The Recorder found that the defendant provided “a personal and caring, and even loving, service”(para 53). But she rejected the defendant’s interpretation of regulation 6(1) for reasons which in my view are plainly correct. On a natural reading of the regulation, the exception only applies to anything done by a person who takes into his home and treats as if they were members of his family “children, elderly persons or persons requiring a special degree of care and attention”. The defendant’s case has to be that the claimants were persons requiring a special degree of care and attention. But there is no finding that this is what they required. The fact that, if they were accommodated by the defendant, they would receive a special degree of care and attention is immaterial. The feature that is common to all three categories of persons stated in regulation 6(1) is that, broadly speaking, they do or may require special care and attention which other members of society do or may not require.
Direct discrimination
The case advanced on behalf of the defendant was that the reason why she refused to accommodate the claimants in a double room was that she objected to sexual relations outside marriage: see paras 3 and 4 above. At the heart of the defendant’s case is the submission that sexual behaviour is not a protected characteristic and is different from sexual orientation. A similar argument was advanced and rejected by this court in Preddy v Bull [2012] EWCA Civ 83, [2012] 1 WLR 2514. The Recorder was unable to distinguish Preddy and for that reason held (para 41) that there was less favourable treatment of the claimants than heterosexual couples because they were refused a double bedroom. She rejected the submission that Preddy could be distinguished on the basis that the claimants in that case were in a civil partnership. On the authority of Preddy, the reason for the less favourable treatment was sexual orientation and not sexual relations (para 43). She added (paras 44 and 45) that, if Preddy was distinguishable, then on the basis of para 18 of the defendant’s witness statement, she treated the claimants less favourably than she treated unmarried heterosexual couples and did so on the grounds of their sexual orientation.

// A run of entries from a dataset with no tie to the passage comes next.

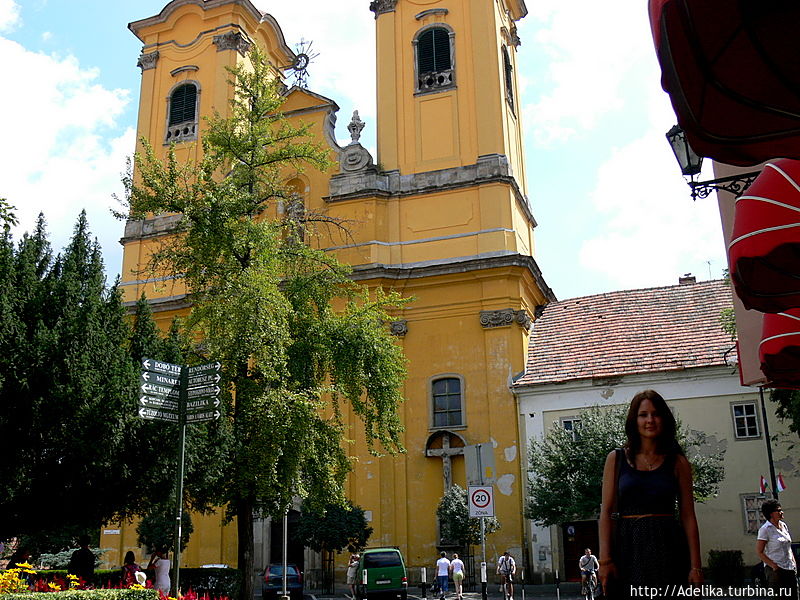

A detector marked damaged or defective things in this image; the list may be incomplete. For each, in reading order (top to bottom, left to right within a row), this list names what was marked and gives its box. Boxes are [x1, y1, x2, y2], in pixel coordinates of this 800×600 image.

peeling plaster on wall [496, 474, 516, 496]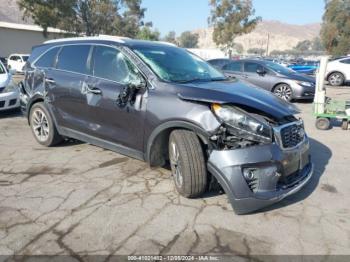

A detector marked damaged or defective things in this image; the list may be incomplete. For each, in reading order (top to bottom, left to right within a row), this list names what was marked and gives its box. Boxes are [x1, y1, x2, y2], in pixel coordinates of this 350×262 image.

damaged kia sorento [20, 36, 314, 214]
crumpled hood [176, 79, 300, 119]
broken headlight [211, 104, 274, 143]
crushed front end [206, 104, 314, 215]
front bumper damage [206, 136, 314, 214]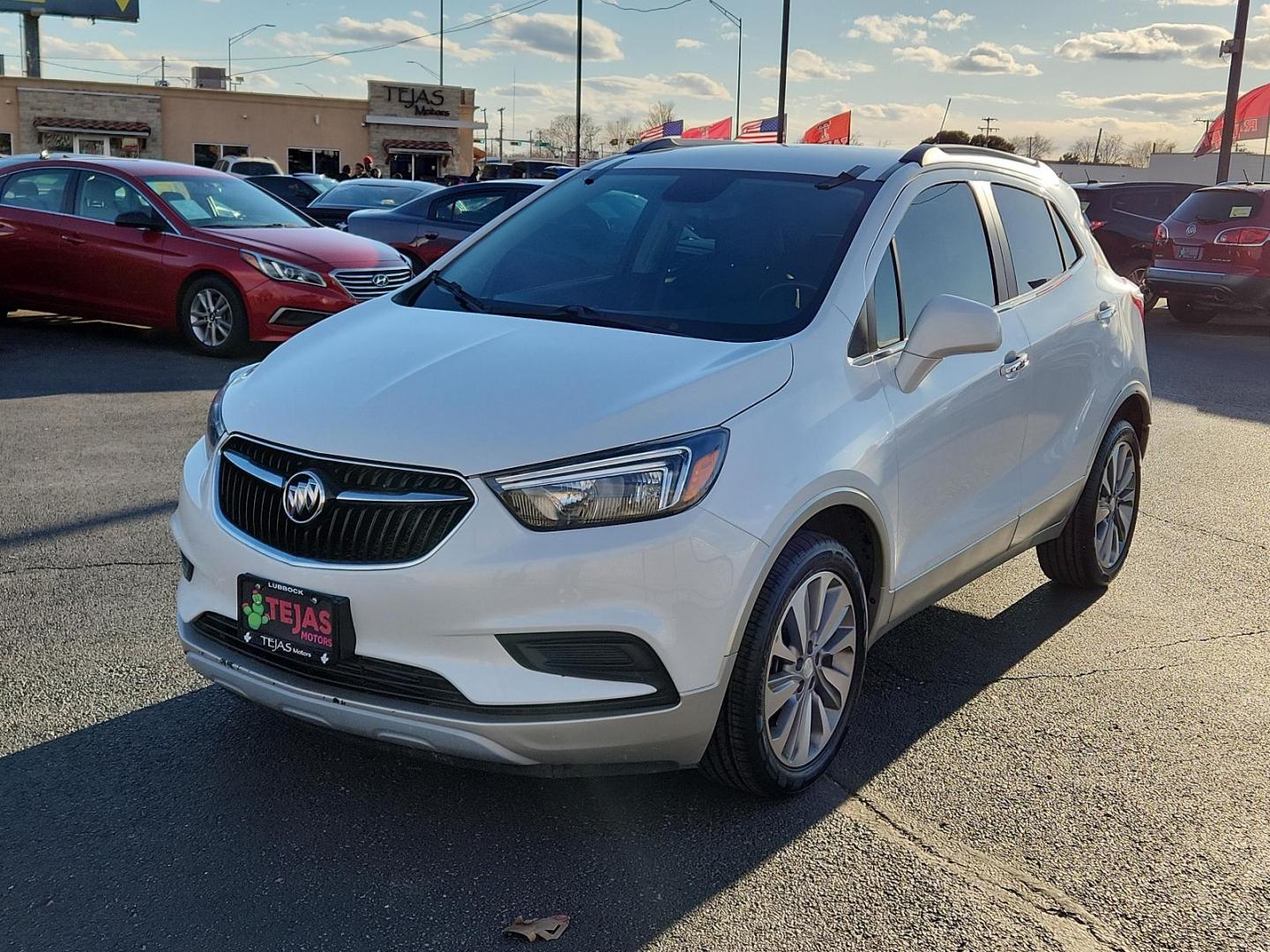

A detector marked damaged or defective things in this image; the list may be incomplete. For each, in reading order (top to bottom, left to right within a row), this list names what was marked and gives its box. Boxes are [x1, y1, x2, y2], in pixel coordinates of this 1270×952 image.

pavement crack [1138, 515, 1265, 550]
pavement crack [827, 782, 1138, 952]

It is necessary to examine precisely what was decided in Preddy. The facts are in many ways similar to those in the present case. The defendants owned and ran a private hotel. They believed that it was sinful for persons, whether homosexual or heterosexual, to have sexual relations outside marriage. They operated a policy to restrict occupancy of the three double bedrooms to married couples. They refused to honour a booking for a double bedroom by the claimants, an homosexual couple in a civil partnership. The defendant denied direct discrimination on the ground that, since the restriction had been applied to couples of homosexual and heterosexual orientation alike if they were not married to each other, it was concerned not with sexual orientation, but with sexual practice.
The court held that there was direct discrimination on the ground of sexual orientation. The reasoning of Rafferty LJ is to be found at para 40:
“Though I agree with the claimants that Ladele’s case [2010] 1 WLR 955 does not assist the defendants (and see below), for the reason the court there gave, in my view notwithstanding lengthy submissions on various topics, the answer to this appeal lies in a consideration of James v Eastleigh Borough Council [1990] 2 AC 751. It is fatal to the defendants' case. An homosexual couple cannot comply with the restriction because each party is of the same sex and therefore cannot marry. In James's case the male plaintiff, Mr James, could never have a pension aged 61. The restriction therefore discriminates against the claimants because of their sexual orientation, just as the criterion at the swimming baths discriminated against Mr James because of his sex. For this reason alone it is directly discriminatory. Put another way, the criterion at the heart of the restriction, that the couple should be married, is necessarily linked to the characteristic of an heterosexual orientation. There has in my view been direct discrimination by virtue of regulation 3(1)(3)(a) together with regulation 4—less favourable treatment on grounds of sexual orientation. ”
Sir Andrew Morritt C expressed the point in similar terms at para 61:
“The judge concluded that the restriction constituted discrimination and was on the grounds of sexual orientation. Mr and Mrs Bull contend that this conclusion is wrong because they apply the restriction to persons of heterosexual and homosexual orientation alike if they are not married. But, in agreement with Rafferty LJ, that cannot, in my view, be a sufficient answer. The former may be married but the latter cannot be. It follows that the restriction is absolute in relation to homosexuals but not in relation to heterosexuals. In those circumstances it must constitute discrimination on grounds of sexual orientation. Such discrimination is direct. As Rafferty LJ has pointed out there is a direct analogy with the decision of the House of Lords in James v Eastleigh Borough Council [1990] 2 AC 751. This conclusion is not affected by the existence or terms of regulation 3(4). ”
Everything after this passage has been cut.